According to a recent article http://www.creditslips.org/creditslips/2014/10/bankruptcy-filings-are-low-but-not-everywhere.html by Bob Lawless, the District of Utah ranks 8th out of 90 judicial districts in the number of bankruptcy cases per 1,000 people.
The image on the left shows the filing rate per 1,000 people between October 2013 and September 2014 in various judicial districts.
Now the article does NOT explain why there is a variation by district, not even when there is gross disparity between two districts with the same economics. It hypothesizes that it may be in part due to the legal culture of the community. For instance, some states don’t allow wage garnishment, or have wage garnishment curtailed.

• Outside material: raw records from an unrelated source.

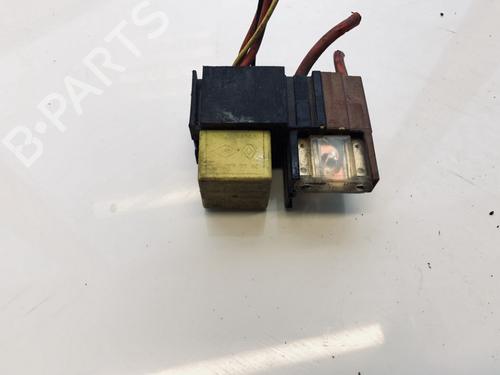 Used Electronic sensor Electronic sensor RENAULT CLIO II (BB_, CB_) 1.2 LPG (58 hp) 33089563 33089563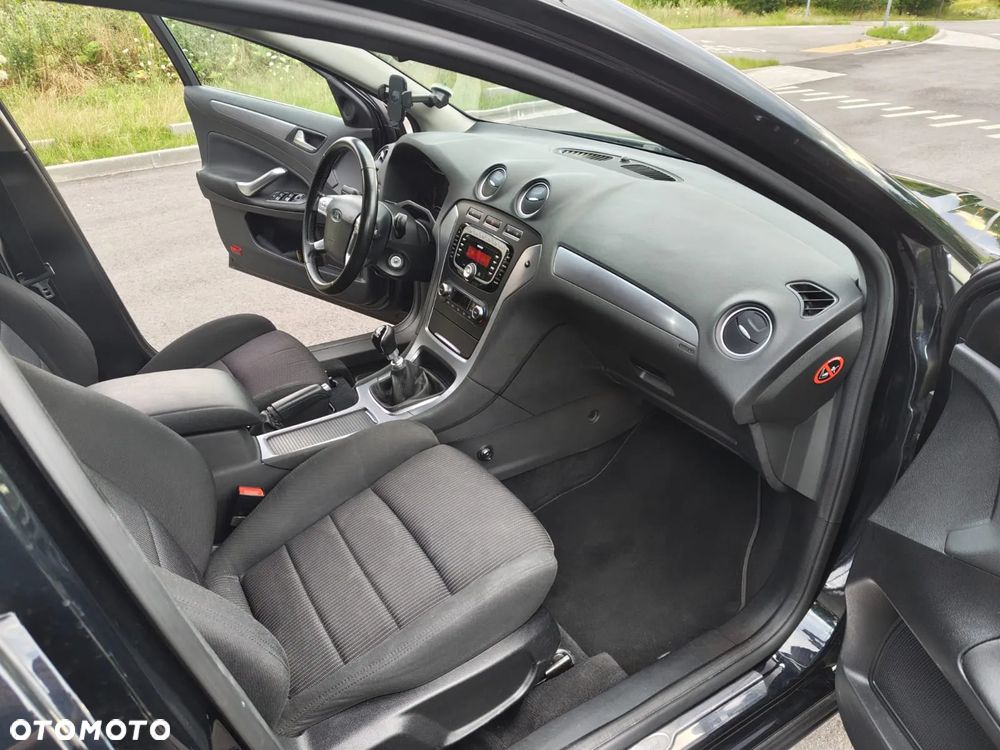 Ford Mondeo - 15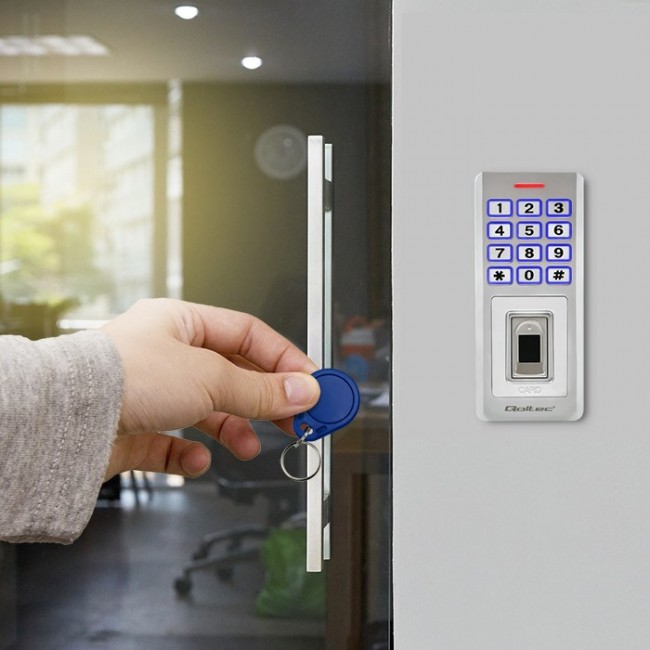 Qoltec 52447 Code lock OBERON with fingerprint reader | RFID | Code | Card | key fob | Doorbell | IP68 | EM Qoltec 52447 Code lock OBERON with fingerprint reader | RFID | Code | Card | key fob | Doorbell | IP68 | EM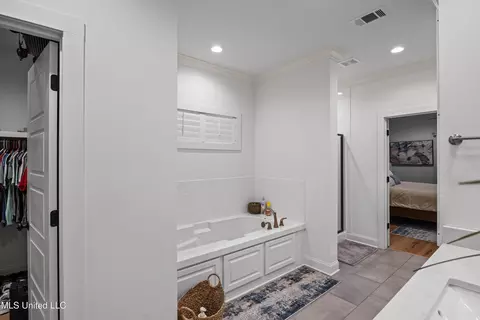 Entry Way - 209 Bridge Ct, Madison, MS 39110 photo 2 of 2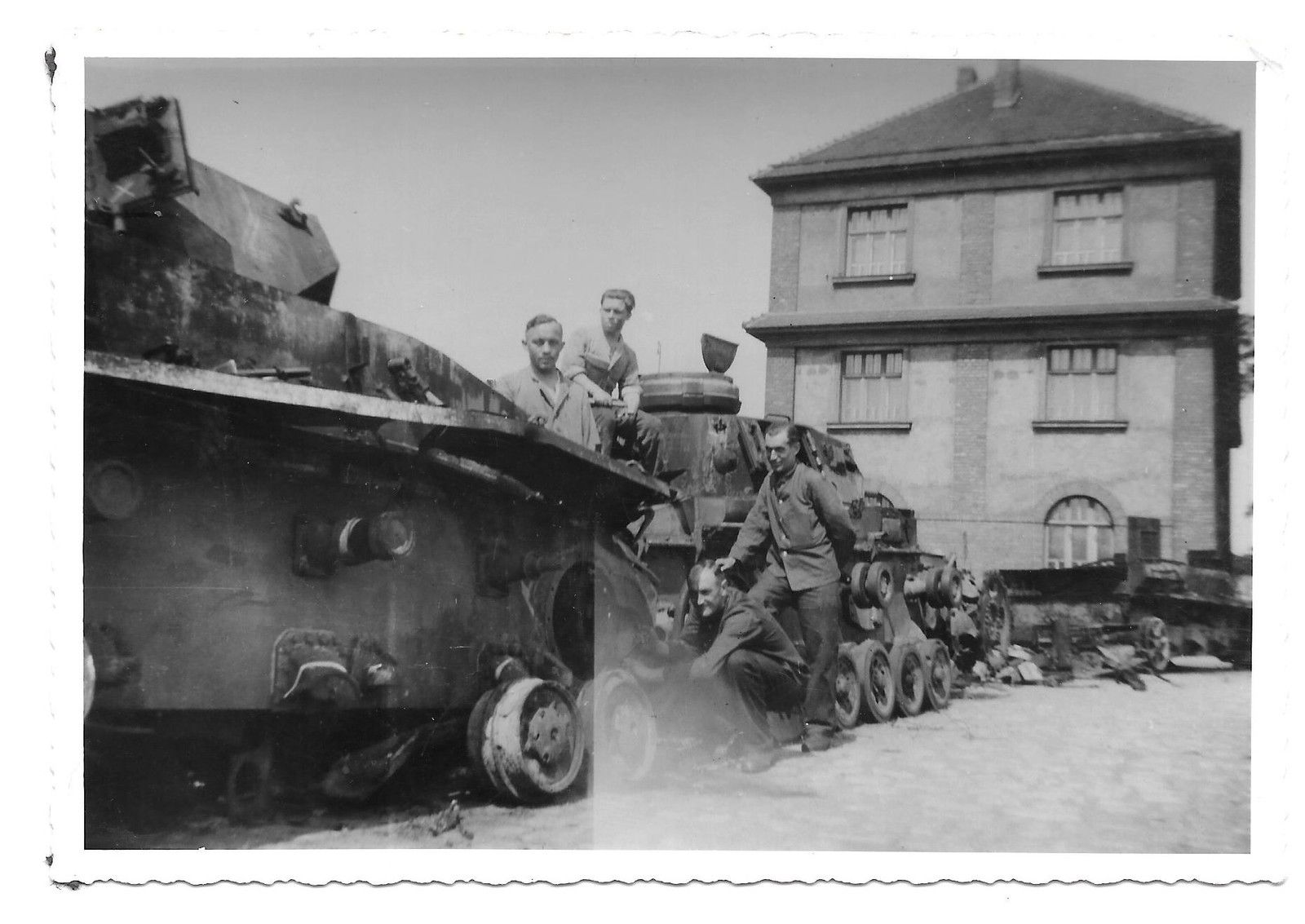 Foto Italien Deutscher Panzer In Panzerwe Postimages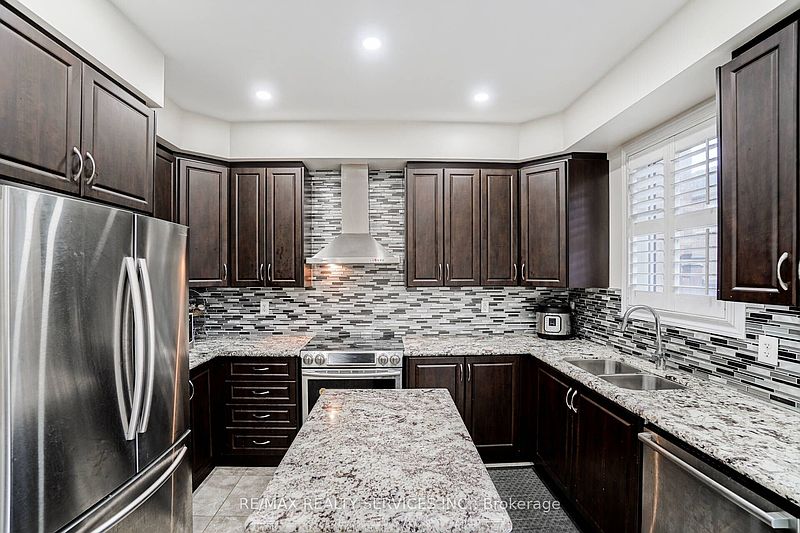 Brampton Townhouse for rent - 3 Bedrooms — photo 14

On the other hand, here in Utah, collectors have a veritable cornucopia of tools available to collect and is a fairly creditor-friendly state. If you fall behind on a debt in Utah, creditors can get a judgment against you and then garnish wages, or attach your home, levy bank accounts or tax refunds, or even do a writ of execution and come into your house, take your’s son’s xBox, and sell it to pay your debts. In other states, you can protect your tax refund, not in Utah. In California, you get a $75,000 wildcard exemption to protect anything you darn well please, even that bag of ancient Roman coins on the kitchen table — not in Utah.
Quite possibly, the pro-creditor laws here allow creditors to more actively pursue debtors, forcing more debtors into bankruptcy. But honestly, I don’t know.